It’s an open secret: the 1967 Outer Space Treaty is dead. And if it is not officially buried, it is because no one dares to open the “Pandora’s box” that will serve as a new international negotiation at a time when space is no longer Just The playing field of two or three superpowers: money, money, and money.
The problem is that maintaining the life support treaty severely limits the scope of ambitious space programmes. The best example, of course, is Artemis.
The best example? because? And I say it’s the best example because the first thing the United States did when it began seriously working on the program (which would take us back to the moon, lay the foundations of the lunar economy and take us to the gates to Mars) was create a treaty, on the basis of the 1967 treaty, that would modernize it: Artemis Accords.
Well, Spain just signed them. In doing so, it becomes the 25th country to sign it, and in this way, the state He officially joins the program. The truth is that cooperation between the United States and Spain in space matters goes back decades. The first images of Armstrong and his companions landing on the moon were received in the mountains of Madrid before they were broadcast around the world.

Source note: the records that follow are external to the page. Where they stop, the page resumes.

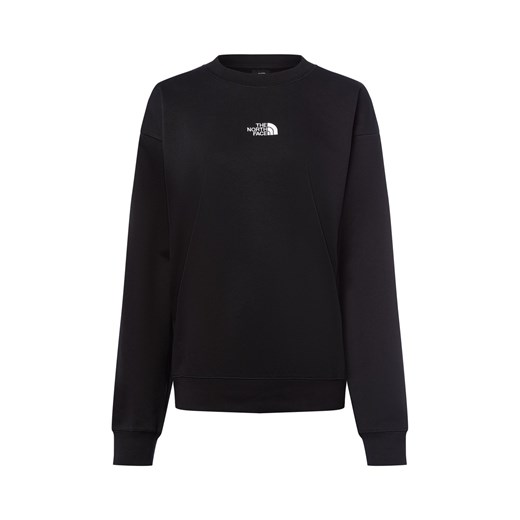 The North Face Bluza damska Kobiety czarny jednolity ze sklepu vangraaf w kategorii Bluzy damskie - zdjęcie 185851157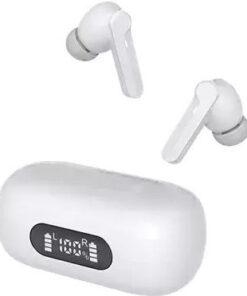 Alternative view of Denver TWE-40 In-ear Bluetooth Handsfree Ακουστικά με Θήκη Φόρτισης Λευκά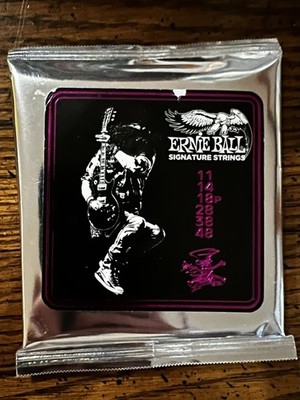  Ernie Ball Limited-Edition Slash Signature Strings Set .011-.048 Medium 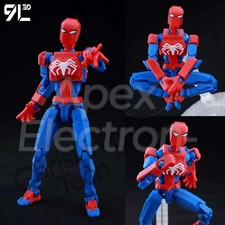 3D Printed Spiderman Action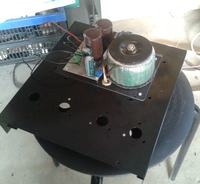 Wzmacniacz lampowy audio DIY Wzmacniacz lampowy audio DIY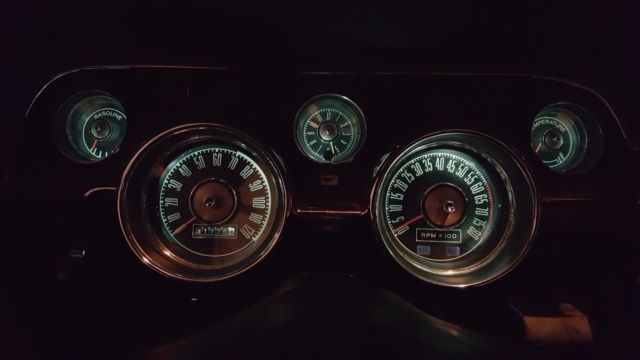 1968 Gray Ford Mustang Coupe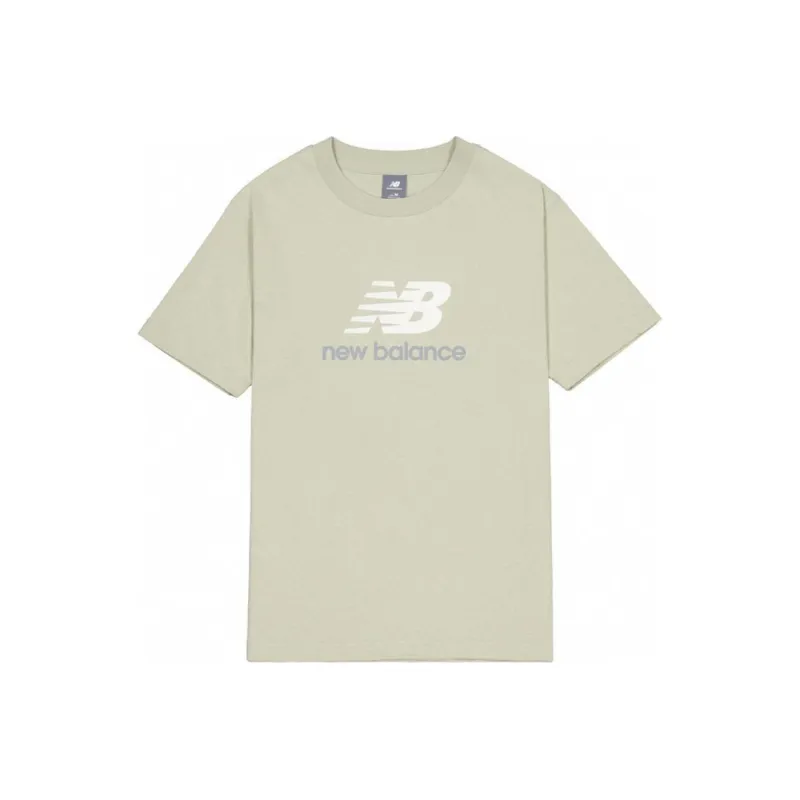 New Balance T Shirt Unisex Olive Green-0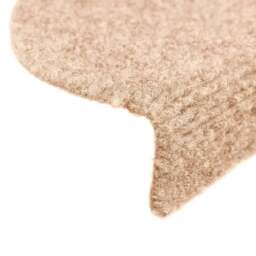 Rackhams Self-adhesive Stair Mats 5 pcs Brown 65x21x4 cm Needle Punch - Needle-punched fabric - thumbnail 6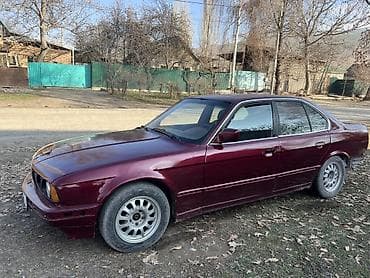 порш авто: BMW 5 series: 1991 г., 2 л, Седан — 8
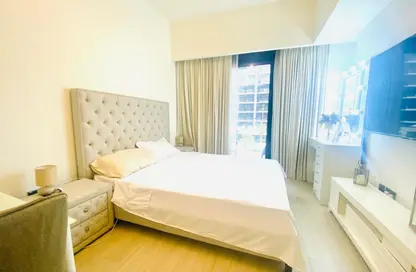 Apartment - Studio - 1 Bathroom for rent in AZIZI Riviera 34 - Meydan One - Meydan - Dubai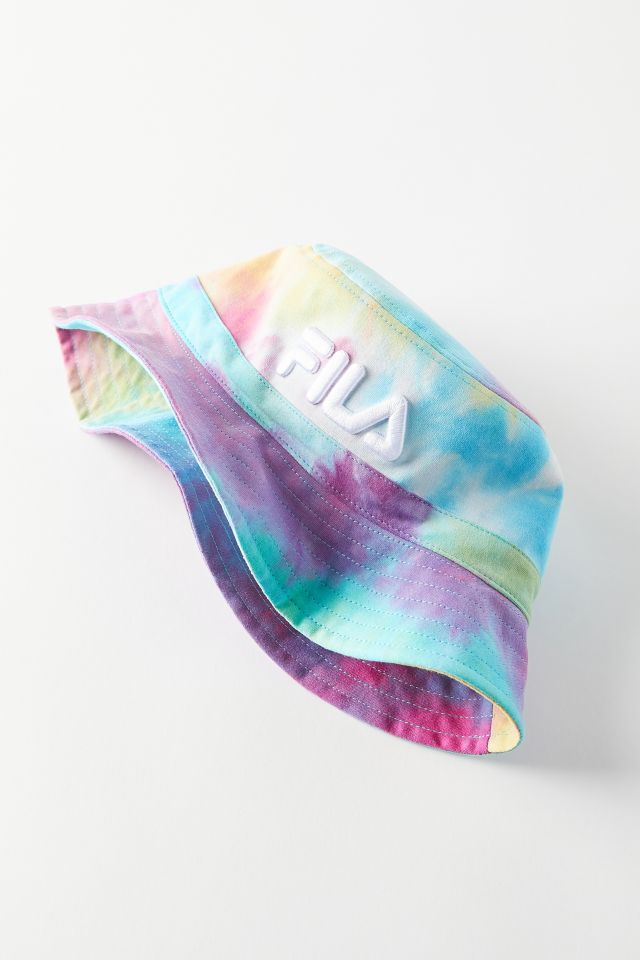 FILA Heritage Tie-Dye Bucket Hat #3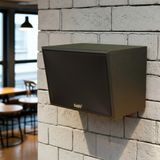 Loa treo tường C130 (số lượng 1 loa), công suất 130w, loa bass 20 cm, treble 10 cm, kích thước rộng 37 cm, cao 27.5 cm, sâu 28.5 cm, bảo hành dài hạn 5 năm.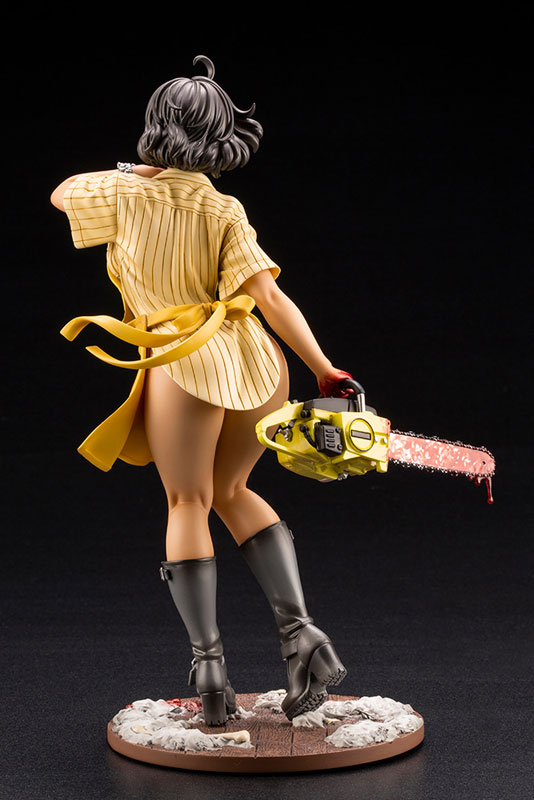 HORROR BISHOUJO Texas Chainsaw Massacre Leatherface 1/7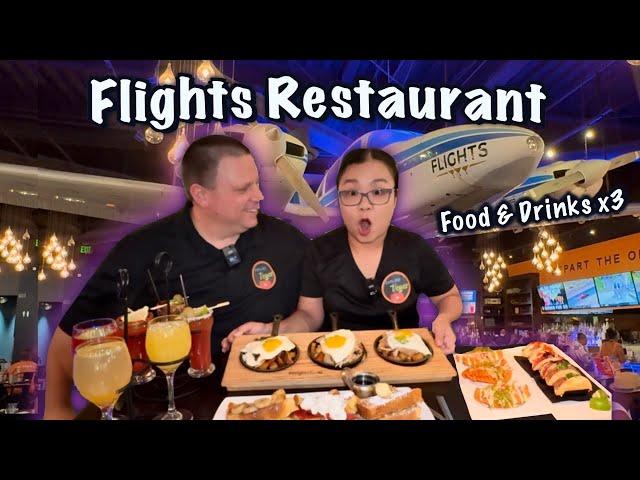 Why FLIGHTS Restaurant is a MUST-TRY in Vegas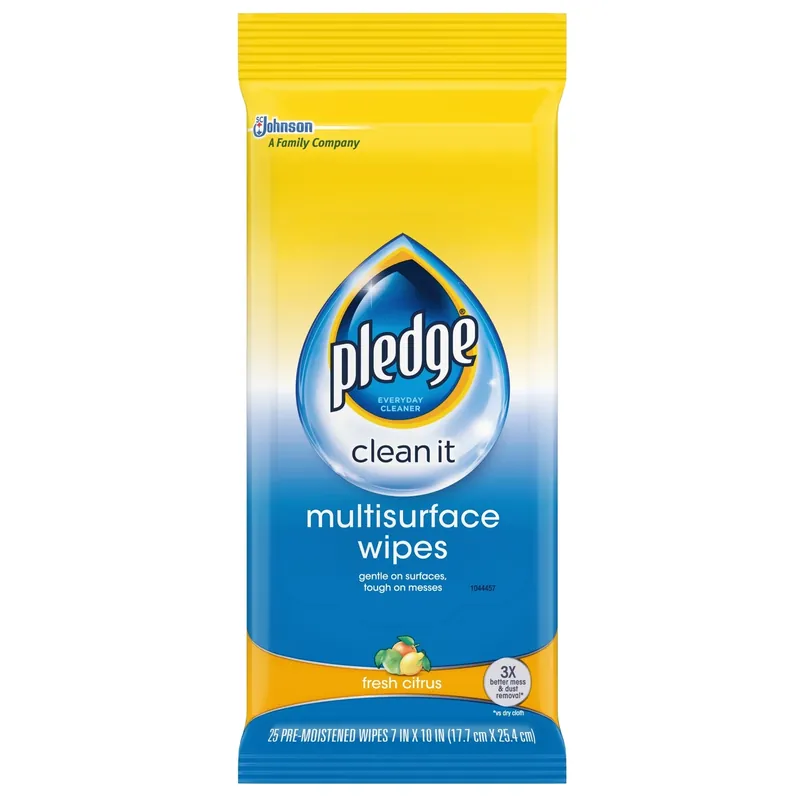 25-count Multi-surface Wipes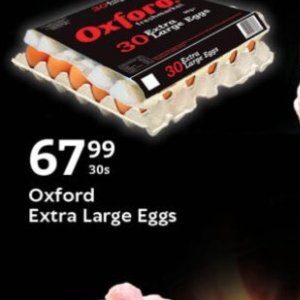 Eggs at Oxford freshmarket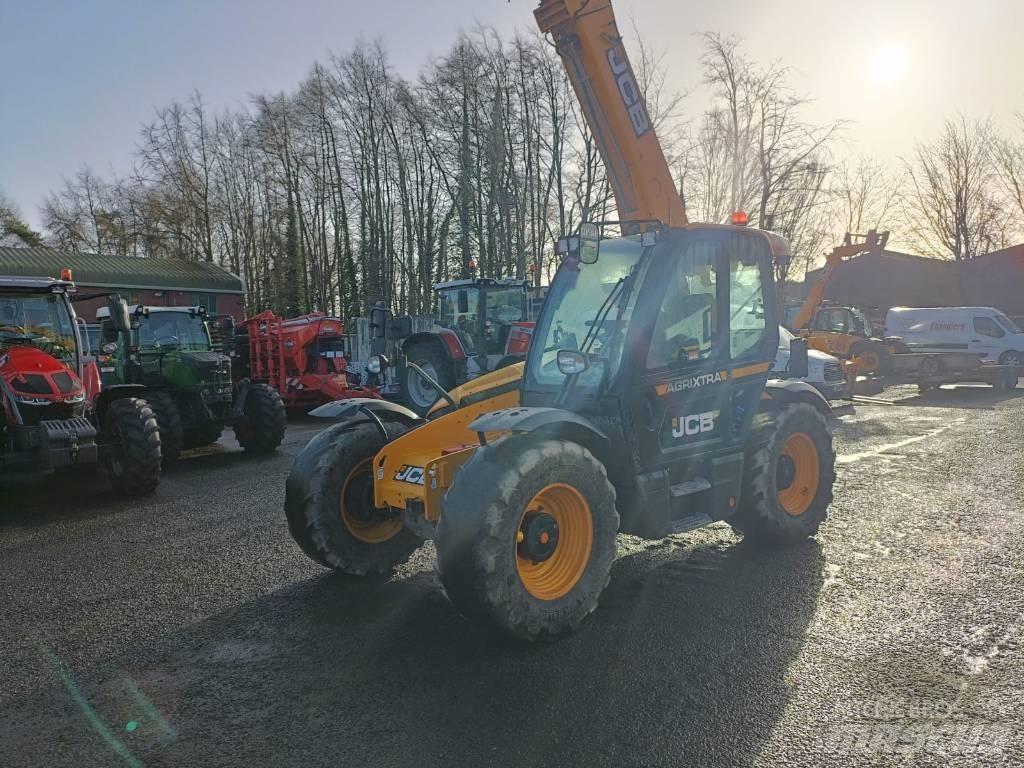 JCB 542-70 Agri Xtra Poljoprivredni teleskopski utovarivači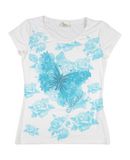 ILLUDIA M�dchen 9-16 jahre T-shirts Farbe T?rkis Gr��e 8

It didn’t stop like this. However, the signing of agreements is part of the motivation that the Pedro Sanchez government wanted to give space in Spain. The creation of the Spanish Space Agency is the most striking point, but the strategy included a budget increase, an international repositioning and, of course, the new batch of Spanish astronauts.
But why all this? On a practical level, under all the rhetoric of “international cooperation” and “ensuring humanity’s rapid expansion into space takes place in a peaceful, safe and transparent manner”, Spain’s entry into the program does not have many direct consequences (and even less if we consider that government policy today is up in the air ).
However, it is not free or useless. Space is one of the most interesting sectors of industrial, economic and technological development. The signing of agreements, in addition to being a purely diplomatic matter, is a movement that tries to put us in a better position in light of the news that is brewing there.
No long term vision. I have mentioned before that electoral progression leaves space strategy unstable and, therefore, very difficult to say what will happen in the coming years. Basically, we are facing an endemic problem in our country: the lack of state policies that do not oscillate from one government to another. Spain has no (or very few) great country strategies that overcome partisan squabbling.
In reactions to the news on social media, Someone was joking Who was worried about whether Spain had “great imperial plans” in the Solar System, and that with the signing of the Conventions, he would be calmer. Spanish “space fans” too, but for another reason: they understand that we need to go into space and this is an excellent step in this regard.